### MATERIAL PROVIDED
+ + + + + + +
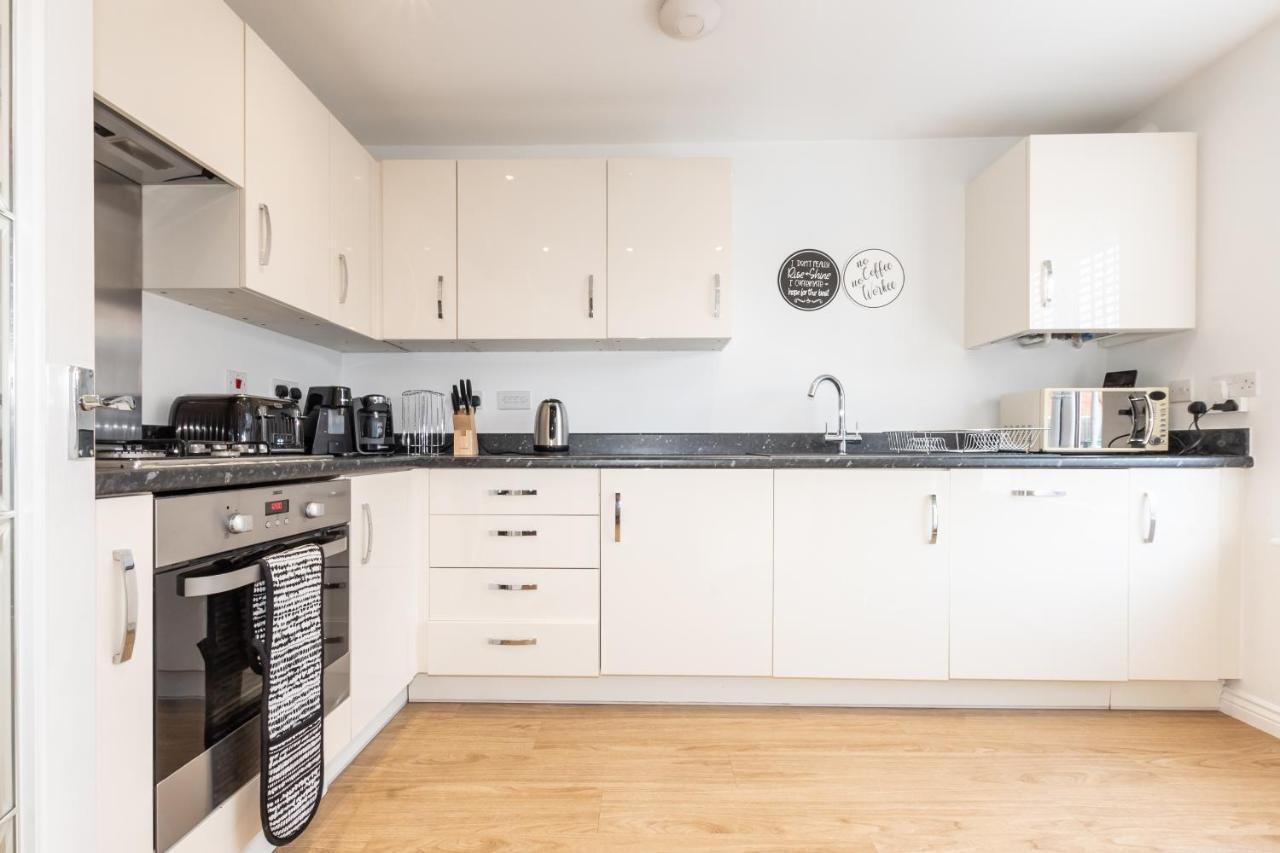 Cheerful 3 Bedroom House - Sleeps 7 Alwalton Extérieur photo
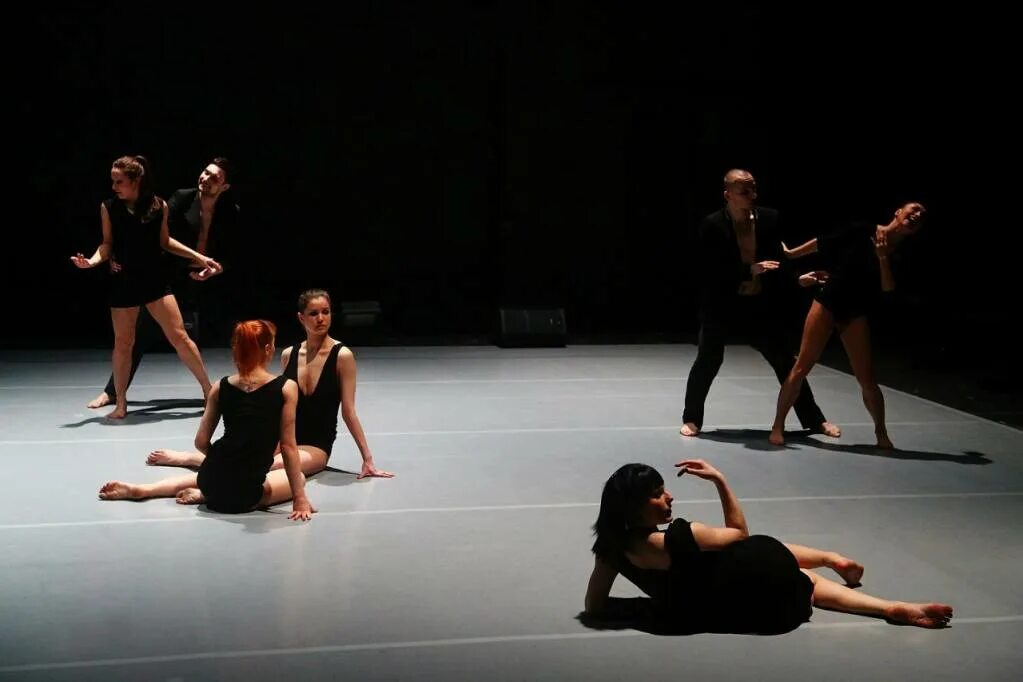 Театр провинциальные танцы екатеринбург. Танцевальная постановка. Современное танцевальное пространство. Театральные поддержки. Спектакли современного танца.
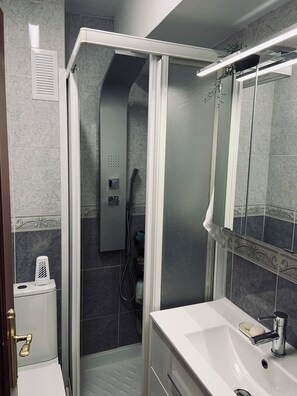 Towels, soap, toilet paper - Modern apartment near the center (Madrid)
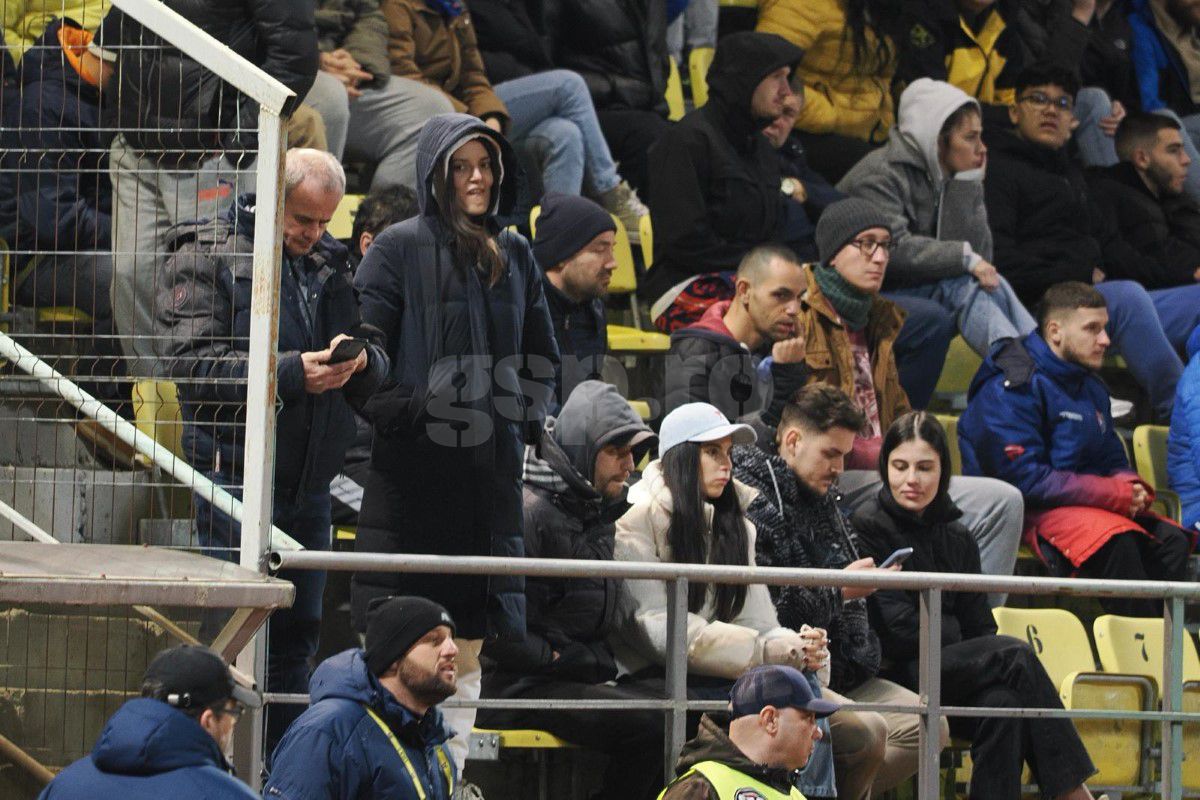 „Perla Banatului”, sub acoperire la Chiajna. A îndurat frigul pentru a-și urmări la treabă iubitul fotbalist, care a răsplătit-o la final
+ + + + + + +
### TASK DIRECTIONS
Reproduce the listing exactly, minus its pictures.

### COMPLETED EXERCISE
 Cheerful 3 Bedroom House - Sleeps 7 Alwalton Extérieur photo
 Театр провинциальные танцы екатеринбург. Танцевальная постановка. Современное танцевальное пространство. Театральные поддержки. Спектакли современного танца.
 Towels, soap, toilet paper - Modern apartment near the center (Madrid)
 „Perla Banatului”, sub acoperire la Chiajna. A îndurat frigul pentru a-și urmări la treabă iubitul fotbalist, care a răsplătit-o la final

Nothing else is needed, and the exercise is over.